Au niveau macro, l'univers des petites entreprises américaines reste vaste : l'Administration des petites entreprises des États-Unis (SBA) a signalé environ 33 millions de petites entreprises ces dernières années (SBA, 2024), ce qui met en perspective le terme « millions » évoqué par Coindesk comme une pénétration importante mais partielle du marché. Les avantages de distribution de Square — matériel, relations avec les vendeurs et services logiciels — lui offrent une voie d'activation que de nombreuses sociétés de paiement natives crypto n'ont pas. Pourtant, la distribution seule ne garantit pas un impact économique pour les marchés crypto : le flux par défaut vers la monnaie fiduciaire découple explicitement le règlement marchand de l'accumulation sous-jacente de bitcoin.
Le déploiement s'inscrit également dans un contexte de surveillance réglementaire. Depuis la réorganisation de 2021 lorsque Square a renommé ses opérations sous Block, le groupe a équilibré ses investissements dans l'infrastructure bitcoin et des produits financiers grand public. Le changement du 30 mars 2026 suit des conversations réglementaires de longue date autour de la garde, des obligations AML et de la déclaration fiscale pour les transactions crypto. En pratique, la conversion par défaut simplifie la comptabilité pour les vendeurs, mais elle reporte les obligations de conformité et les besoins de gestion de liquidité sur la plateforme.
Analyse des données
Le reportage de Coindesk (30 mars 2026) fournit deux points de données explicites : la mise à jour a été déployée publiquement à cette date et elle affecte « des millions » d'entreprises américaines. Le terme « millions » est volontairement large ; Square n'a pas publié de nombre précis de commerçants concernés par le paramètre par défaut dans ce communiqué, ce qui laisse les analystes confronter le déploiement aux métriques publiques de Square/Block et à sa base d'installations. À titre de contexte, les relations commerciales historiquement rapportées par Square se situaient dans les bas millions dans les dépôts SEC antérieurs au renommage en Block, ce qui souligne que cette initiative est matérielle en termes de distribution même si le degré d'adoption active reste à préciser.
Opérationnellement, la conversion par défaut supprime l'exposition au prix pour les commerçants mais pas pour le consommateur : les payeurs qui choisissent le bitcoin mobiliseront toujours des liquidités BTC on-chain ou off-chain, que Square convertit au point de vente en fiat pour le compte du vendeur. Cela introduit trois vecteurs mesurables : la vitesse de règlement (délai entre le paiement et la disponibilité en fiat), l'écart de conversion (la base entre le prix de marché du BTC et le taux proposé par Square) et le risque de garde de la contrepartie (dépositaire et réserve garantissant la conversion en fiat). Aucune de ces mesures n'a été chiffrée dans le premier article de Coindesk ; elles seront des indicateurs critiques à surveiller dans les communications ultérieures envers les commerçants et les régulateurs.

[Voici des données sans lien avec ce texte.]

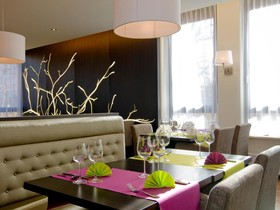 ACHAT Hotel München Süd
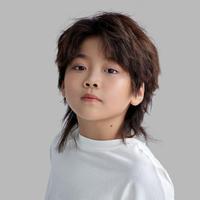 朱子涵演员头像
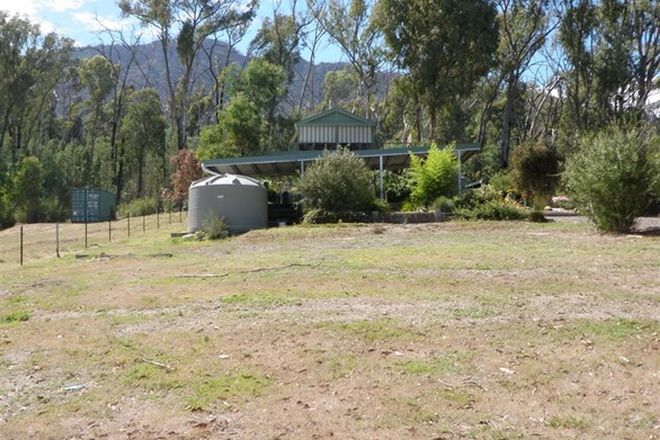 Picture of 2884 Maroondah Highway, TAGGERTY VIC 3714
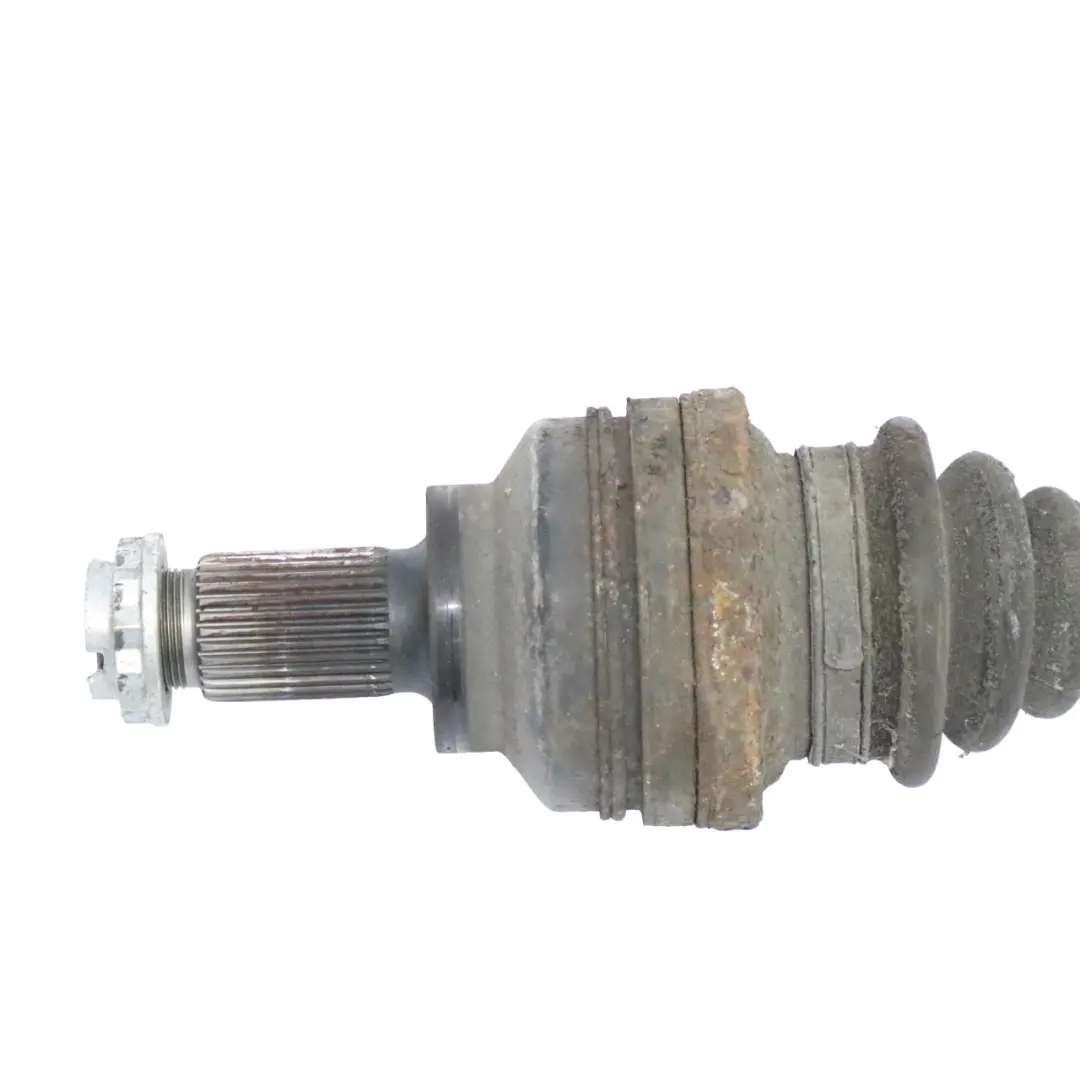 BMW E46 Półoś Napędowa Tylna Lewa Prawa Benzyna - SKU 1229204 - Numer Części 1229204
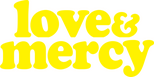 Logo Love & Mercy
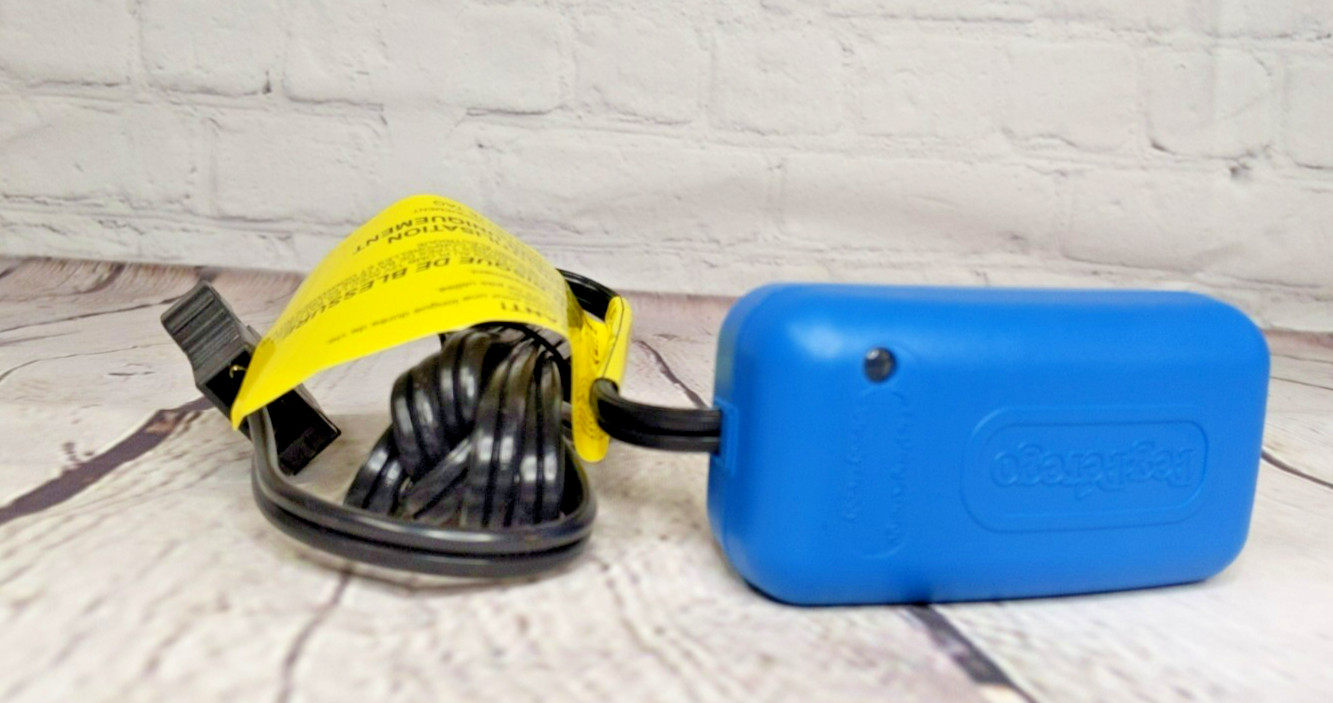 PEG PEREGO 12 Volt Battery  Charger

Enfin, en sens comparatif, le changement contraste avec des entreprises qui conservent explicitement de la crypto au bilan ou offrent aux commerçants l'option de recevoir des règlements en crypto — la stratégie pilotée par MicroStrategy (MSTR) et certains PSP axés crypto restent des exceptions. Le choix de Square de passer par défaut au fiat se rapproche fonctionnellement du chemin emprunté par les réseaux de cartes traditionnels et des fintechs leaders comme PayPal, qui ont activé des flux de paiement liés à la crypto tout en limitant l'exposition des soldes marchands. La divergence entre « acceptation » et « rétention » est centrale : l'acceptation peut s'élargir rapidement ; la rétention restera conditionnée à l'appétit pour le risque des commerçants et à la clarté réglementaire.
Implications sectorielles
Pour le secteur des paiements, la démarche de Square réduit une friction dans les paiements en crypto initiés par les consommateurs tout en préservant l'économie préférée par de nombreux commerçants. Si le paramètre par défaut de Square devenait largement accepté par sa base installée, l'impact économique à court terme sur la formation du prix du bitcoin est probablement limité car la plateforme fonctionne comme une rampe d'accès avec une sortie fiat immédiate plutôt que comme une source durable de demande de bitcoin à conserver. Cela différencie ce déploiement des narratifs selon lesquels l'acceptation par les commerçants seule créerait une demande soutenue de BTC à la détention.
Les concurrents feront face à des choix stratégiques. Les entreprises qui permettent aux commerçants d'opter pour la détention de crypto devront clarifier les arrangements de garde et fournir des outils fiscaux et comptables ; celles qui imiteront l'approche par défaut de Square se concentreront plutôt sur le volume et la commodité. PayPal et Stripe — acteurs établis avec de larges bases de commerçants — peuvent accélér...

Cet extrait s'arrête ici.